◆ **DATASET SECTION**:
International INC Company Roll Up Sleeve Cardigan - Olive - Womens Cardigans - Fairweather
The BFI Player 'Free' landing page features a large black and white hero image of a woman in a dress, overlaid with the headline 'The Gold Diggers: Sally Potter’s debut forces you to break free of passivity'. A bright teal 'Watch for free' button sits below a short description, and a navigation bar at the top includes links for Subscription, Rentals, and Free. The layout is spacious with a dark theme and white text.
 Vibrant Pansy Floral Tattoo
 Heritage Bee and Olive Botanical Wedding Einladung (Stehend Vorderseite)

◆ **PROMPT**: Your task is to set down exactly the lines from the line containing "The BFI Player" to the end of the data above, including both ends.

◆ **FINAL ANSWER**:
The BFI Player 'Free' landing page features a large black and white hero image of a woman in a dress, overlaid with the headline 'The Gold Diggers: Sally Potter’s debut forces you to break free of passivity'. A bright teal 'Watch for free' button sits below a short description, and a navigation bar at the top includes links for Subscription, Rentals, and Free. The layout is spacious with a dark theme and white text.
 Vibrant Pansy Floral Tattoo
 Heritage Bee and Olive Botanical Wedding Einladung (Stehend Vorderseite)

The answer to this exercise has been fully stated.